Amazon Deforestation Up 6 Percent in 2004
Posted on: Thursday, 19 May 2005, 06:50 CDT
BRASILIA, Brazil (AP) -- Deforestation in the Amazon rain forest in 2004 was the second worst ever, figures released by the Brazilian government showed Wednesday.
Satellite photos and data showed that ranchers, soybean farmers and loggers burned and cut down a near-record area of 10,088 square miles of rain forest in the 12 months ending in August 2004, the Brazilian Environmental Ministry said.
The destruction was nearly 6 percent higher than in the same period the year before, when 9,500 square miles were destroyed.
The deforestation hit record numbers in 1995, when the Amazon shrank a record 11,200 square miles, an area roughly the size of Belgium or the American state of Massachusetts.
The Amazon forest - which sprawls over 1.6 million square miles and covers more than half the country - is a key component of the global environment. The jungle is sometimes called the world's "lung" because its billions of trees produce oxygen and absorb carbon dioxide from the atmosphere.

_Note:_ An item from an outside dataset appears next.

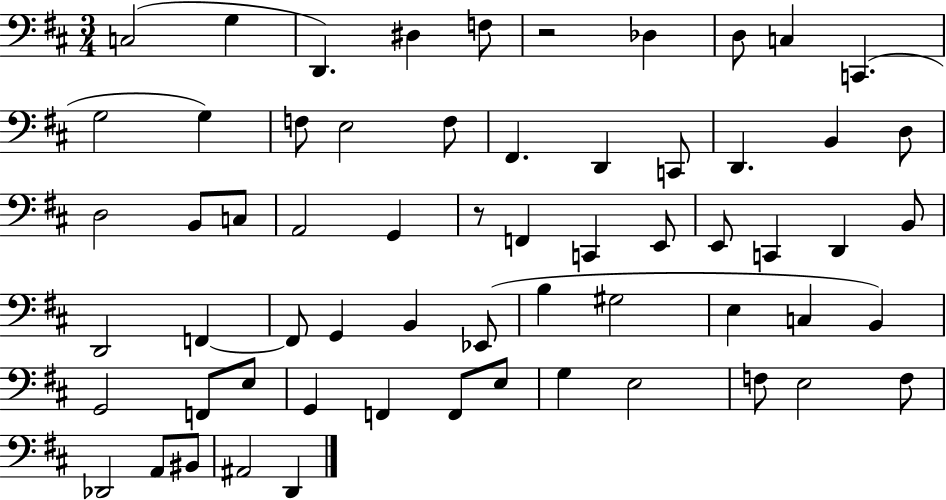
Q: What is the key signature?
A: D major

Environmentalists were shocked with the new figures, which were announced nearly a year after the Brazilian government announced a $140 million package to curtail destruction.

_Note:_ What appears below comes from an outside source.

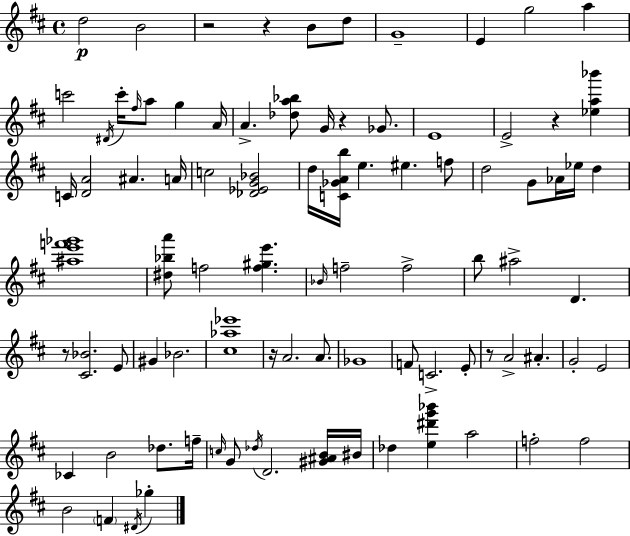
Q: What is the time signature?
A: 4/4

"It's a tragedy, a demonstration that more needs to be done by the government," said Paulo Adario, the head of Greenpeace's Amazon program. "Clearly, Amazon deforestation is not one of the government's priority right now."
Government officials were expecting an increase in destruction of only about 2 percent.

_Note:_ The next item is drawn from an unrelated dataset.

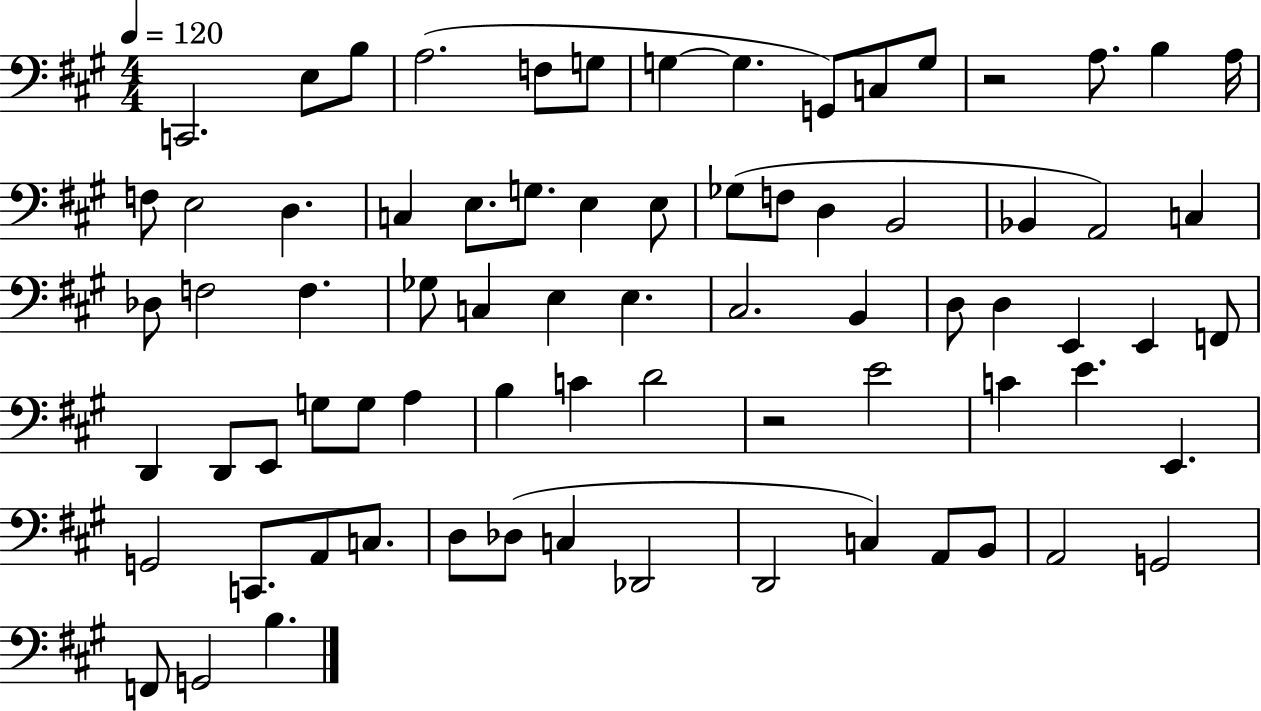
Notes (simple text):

"We will intensify our actions to fight illegal deforestation in the most critical areas," Environment Minister Marina Silva said in a statement.
She noted that deforestation in several Amazon states decreased compared to the previous period thanks to the government's efforts to implement "more lasting and effective" measures.
Brazil's rain forest is as big as western Europe and covers 60 percent of the country's territory. Experts say as much as 20 percent of its 1.6 million square miles has already been destroyed by development, logging and farming.
Last year, the government announced that 9,170 square miles of rain forest had vanished in 2003, but on Wednesday it corrected the figure to 9,500 square miles.